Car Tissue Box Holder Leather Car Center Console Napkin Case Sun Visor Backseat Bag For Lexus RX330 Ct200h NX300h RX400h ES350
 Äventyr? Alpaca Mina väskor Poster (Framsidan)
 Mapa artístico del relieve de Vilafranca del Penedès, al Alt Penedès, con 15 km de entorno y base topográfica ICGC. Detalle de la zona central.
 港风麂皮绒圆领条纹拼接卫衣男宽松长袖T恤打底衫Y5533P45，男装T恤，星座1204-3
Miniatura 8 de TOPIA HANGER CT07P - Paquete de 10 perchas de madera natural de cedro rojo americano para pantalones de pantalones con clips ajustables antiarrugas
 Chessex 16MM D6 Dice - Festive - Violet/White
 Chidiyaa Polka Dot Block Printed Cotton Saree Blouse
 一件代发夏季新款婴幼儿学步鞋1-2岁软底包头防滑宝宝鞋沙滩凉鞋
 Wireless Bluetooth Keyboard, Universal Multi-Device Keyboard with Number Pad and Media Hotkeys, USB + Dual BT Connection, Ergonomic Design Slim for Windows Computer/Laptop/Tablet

▶ [Exercise description]: When you reach this point, go back and write out each record above exactly.

▶ [Response area]:
Car Tissue Box Holder Leather Car Center Console Napkin Case Sun Visor Backseat Bag For Lexus RX330 Ct200h NX300h RX400h ES350
 Äventyr? Alpaca Mina väskor Poster (Framsidan)
 Mapa artístico del relieve de Vilafranca del Penedès, al Alt Penedès, con 15 km de entorno y base topográfica ICGC. Detalle de la zona central.
 港风麂皮绒圆领条纹拼接卫衣男宽松长袖T恤打底衫Y5533P45，男装T恤，星座1204-3
Miniatura 8 de TOPIA HANGER CT07P - Paquete de 10 perchas de madera natural de cedro rojo americano para pantalones de pantalones con clips ajustables antiarrugas
 Chessex 16MM D6 Dice - Festive - Violet/White
 Chidiyaa Polka Dot Block Printed Cotton Saree Blouse
 一件代发夏季新款婴幼儿学步鞋1-2岁软底包头防滑宝宝鞋沙滩凉鞋
 Wireless Bluetooth Keyboard, Universal Multi-Device Keyboard with Number Pad and Media Hotkeys, USB + Dual BT Connection, Ergonomic Design Slim for Windows Computer/Laptop/Tablet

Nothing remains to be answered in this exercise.